(Collected data entries)
◆ ◆ ◆

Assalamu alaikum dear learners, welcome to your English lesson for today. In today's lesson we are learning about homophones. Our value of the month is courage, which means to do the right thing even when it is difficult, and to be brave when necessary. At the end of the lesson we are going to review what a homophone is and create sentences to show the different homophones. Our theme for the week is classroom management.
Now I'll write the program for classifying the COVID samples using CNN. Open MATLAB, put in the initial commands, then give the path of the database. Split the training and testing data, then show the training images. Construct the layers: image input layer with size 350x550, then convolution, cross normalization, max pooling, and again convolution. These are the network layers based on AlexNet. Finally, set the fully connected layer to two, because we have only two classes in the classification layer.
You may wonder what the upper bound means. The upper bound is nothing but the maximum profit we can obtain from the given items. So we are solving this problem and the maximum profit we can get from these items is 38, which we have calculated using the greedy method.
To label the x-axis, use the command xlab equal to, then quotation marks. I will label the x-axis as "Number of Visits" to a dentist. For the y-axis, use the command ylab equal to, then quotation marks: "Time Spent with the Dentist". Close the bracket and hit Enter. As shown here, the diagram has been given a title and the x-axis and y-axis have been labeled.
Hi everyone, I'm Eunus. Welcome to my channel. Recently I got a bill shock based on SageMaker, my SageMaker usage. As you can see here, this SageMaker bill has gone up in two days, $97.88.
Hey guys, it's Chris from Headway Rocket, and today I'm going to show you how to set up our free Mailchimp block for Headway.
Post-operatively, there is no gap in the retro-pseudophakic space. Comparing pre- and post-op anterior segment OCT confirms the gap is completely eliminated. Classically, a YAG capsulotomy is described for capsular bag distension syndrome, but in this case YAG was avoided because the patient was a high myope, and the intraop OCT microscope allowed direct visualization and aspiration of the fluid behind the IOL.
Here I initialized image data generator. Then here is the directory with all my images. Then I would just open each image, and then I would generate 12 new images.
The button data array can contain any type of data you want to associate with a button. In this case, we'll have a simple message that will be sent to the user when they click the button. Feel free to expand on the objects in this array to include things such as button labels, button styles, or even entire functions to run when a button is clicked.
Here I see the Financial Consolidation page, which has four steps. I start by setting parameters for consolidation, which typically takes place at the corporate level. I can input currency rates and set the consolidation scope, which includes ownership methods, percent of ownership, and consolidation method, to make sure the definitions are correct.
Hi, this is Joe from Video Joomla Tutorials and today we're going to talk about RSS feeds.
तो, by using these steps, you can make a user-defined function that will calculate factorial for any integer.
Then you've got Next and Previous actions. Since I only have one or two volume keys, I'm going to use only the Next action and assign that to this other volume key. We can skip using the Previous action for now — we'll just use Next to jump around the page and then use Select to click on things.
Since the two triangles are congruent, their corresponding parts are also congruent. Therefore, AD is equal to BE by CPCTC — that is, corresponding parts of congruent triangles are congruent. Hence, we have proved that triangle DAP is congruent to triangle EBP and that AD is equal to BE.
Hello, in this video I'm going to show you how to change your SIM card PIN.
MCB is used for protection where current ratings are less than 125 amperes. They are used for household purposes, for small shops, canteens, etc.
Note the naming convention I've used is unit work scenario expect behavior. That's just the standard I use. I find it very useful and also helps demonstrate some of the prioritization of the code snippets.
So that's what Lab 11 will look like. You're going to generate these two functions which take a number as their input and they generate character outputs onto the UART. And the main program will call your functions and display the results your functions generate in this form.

◆ ◆ ◆

Using the records above, select and copy every line that has the word "used".

MCB is used for protection where current ratings are less than 125 amperes. They are used for household purposes, for small shops, canteens, etc.
Note the naming convention I've used is unit work scenario expect behavior. That's just the standard I use. I find it very useful and also helps demonstrate some of the prioritization of the code snippets.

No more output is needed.